Ana Krepp, na Folha de S.Paulo

Conversando com gente que encontra em rodoviárias, albergues, hotéis, restaurantes e pontos turísticos de cidades de diversas regiões do Brasil, Caio Dib, 22, tem descoberto escolas e projetos educacionais inovadores.

Formado desde o fim do ano passado em jornalismo, ele partiu de São Paulo a Belém, em março, para uma viagem de cinco meses pelo país, de ônibus.

Eram dois os objetivos na partida: conhecer, de fato, o Brasil e mapear boas práticas em educação.

“Eu não conhecia a realidade do meu país, vivia fechado em escritórios e precisava crescer como pessoa. Para isso, precisei conhecer mais da educação, que é intrínseca à realidade”, diz.

Aprendizado cooperativo nas aulas do professor Diego (Nonato Furtado)

Aprendizado cooperativo nas aulas do professor Diego (Nonato Furtado)

Há três meses na estrada, ele percorreu mais de 9.000 quilômetros e passou por 42 cidades do Norte, Nordeste e Centro-Oeste.

Nos próximos dois meses, ele pretende visitar pelo menos mais 21 cidades.

Caio ficou surpreso com a quantidade de iniciativas que encontrou no Nordeste. O Ceará, particularmente, lhe chamou a atenção.

“Eles tiram ótimas notas nas provas oficiais do governo.

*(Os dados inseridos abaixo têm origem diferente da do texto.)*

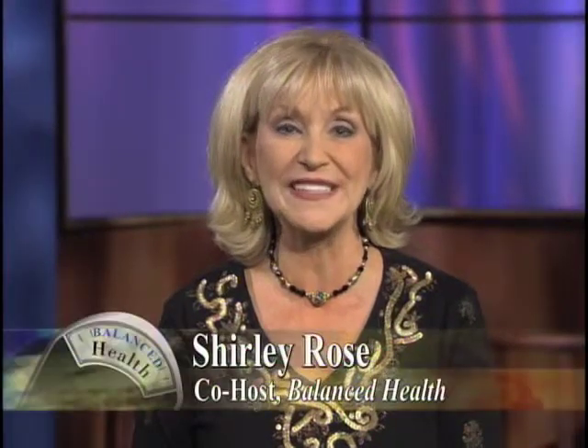Welcome back to Balanced Health. Joining us now is Dr. David Zepeda from Dreyer Medical Clinic to advise us on how to take better care of our digestive systems. Welcome, Dr. David Zepeda. Thanks for having me. We have so much to talk about, but I'd like to start by asking: can you take us through the digestive process quickly, from chewing to elimination?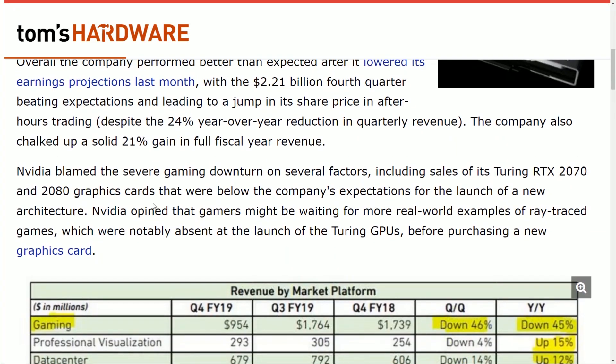The combination of post-crypto excess channel inventory and recent deteriorating market conditions drove a disappointing quarter. Jensen also said that the 2070 and the 2080 did not sell as well as they were expecting, for reasons that are not proper. Because as Tom's Hardware puts it, NVIDIA opined that gamers might be waiting for more real-world examples of ray trace games — which were notably absent at the launch of Turing GPUs — before purchasing a new graphics card. Nobody cares about ray tracing. Nobody was waiting for anything. They just want decently priced graphics cards, which the RTX cards are not. You lower the price, people will buy it. If you change the price without releasing any more RTX games, you're going to see an increase in sales. It's pretty simple.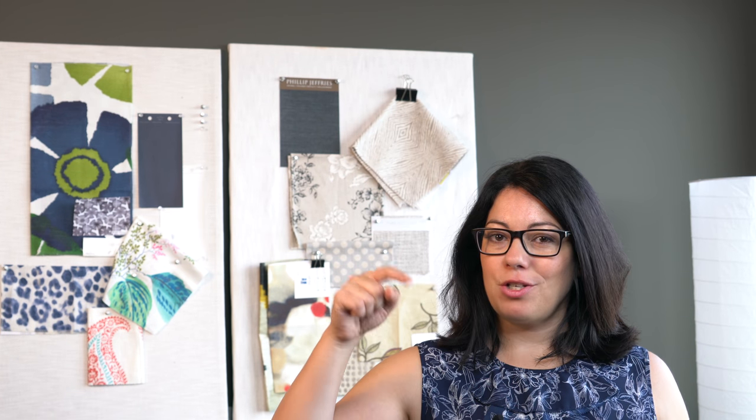Hi everyone, welcome to another design lesson video. In each video I'm going to review some key design principles that you should keep in mind when you're thinking about renovating or decorating your space. If you have a design dilemma and need some answers, feel free to comment in the section below with your questions, or you can tweet me your questions on Twitter at Design Chicky.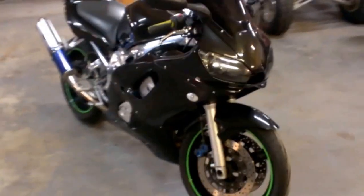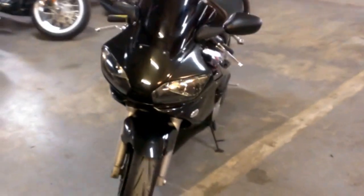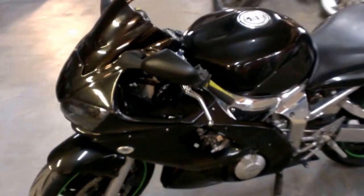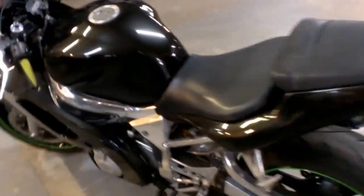Hey guys, we've got a used Yamaha R6 sport bike for sale for only $29.99. This bike has a Micron exhaust, fender eliminator kit, custom undertail kit, CRG levers, tinted windscreen, and more.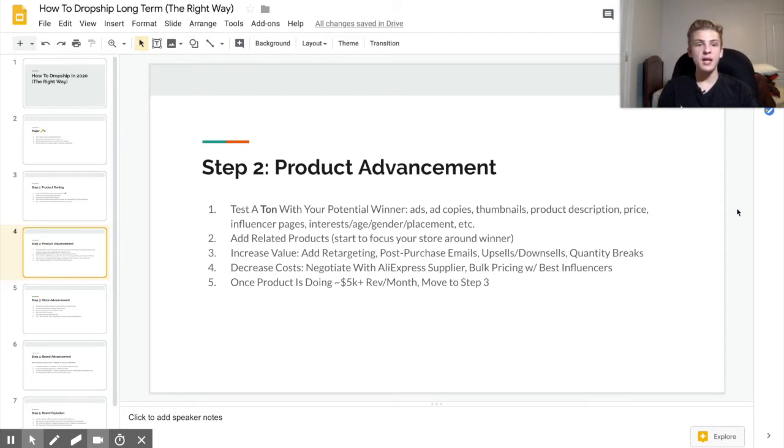Another big part of getting ready to scale is increasing the value of the product. That means testing different prices and adding things like retargeting, post-purchase emails, upsells, downsells, and apps that have quantity breaks — for example, buy two products and get 10% off, buy three and get 15% off. Those are really good for low ticket products. Another part of product advancement is decreasing your product cost and your costs in general. I recommend that you negotiate with your AliExpress suppliers, and if you're using Instagram influencers, get bulk pricing set up — if you have an influencer doing really well consistently, buy five, six, or seven posts to get a cheaper price and a higher return on ad spend. Once your product is doing about $5,000 a month in revenue and you really know it's a winner, it's time to move on to step three.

O Ideb [Índice de Desenvolvimento da Educação Básica] tem uma meta para 2021 que várias escolas de lá já bateram”, diz.

Em Pentecoste, a 85 km de Fortaleza, ele visitou uma escola técnica estadual “com infraestrutura de colégio particular e método de aprendizagem cooperativa.”

Os alunos se reúnem em grupos de três a seis crianças, leem e debatem o tema de cada aula.”Aprendem a argumentar, ouvir opiniões e a trabalhar em grupo.”

No Rio Vermelho, bairro boêmio de Salvador, conheceu uma parceria entre sete escolas locais que preconiza que qualquer lugar pode ser uma sala de aula.

“Por que não aprender biologia no parque, em vez de aprender no laboratório da escola?”, questiona.

ROTEIRO

“Antes de sair fiz um planejamento do roteiro da viagem, mas muda tudo quando chego em um lugar e fico sabendo que na cidade vizinha tem algo interessante.”

No primeiro dia em uma cidade, Caio costuma ficar na recepção de um hotel para conversar com pessoas e pegar dicas de projetos interessantes. No dia seguinte, anda pelas ruas e visita museus.

“A maioria dos monitores de museus é estudante de licenciatura e está envolvido de alguma maneira com educação, então eles me dão dicas.”

O planejamento inicial, de ficar no máximo três dias em cada cidade, caiu por terra. Lugares como Salvador e Brasília ocuparam mais de uma semana do roteiro.

Imprevistos como esse fizeram Caio rever também seu planejamento financeiro. Os R$ 6.000 reservados para os gastos com hospedagem, deslocamento, alimentação e imprevistos foram revistos.

A nova previsão é que R$ 15 mil sejam suficientes para mantê-lo até agosto.

Quando voltar a São Paulo, a ideia é lançar dois livros. Um sobre as experiências que viveu e outro sobre os projetos educacionais mais interessantes que encontrou.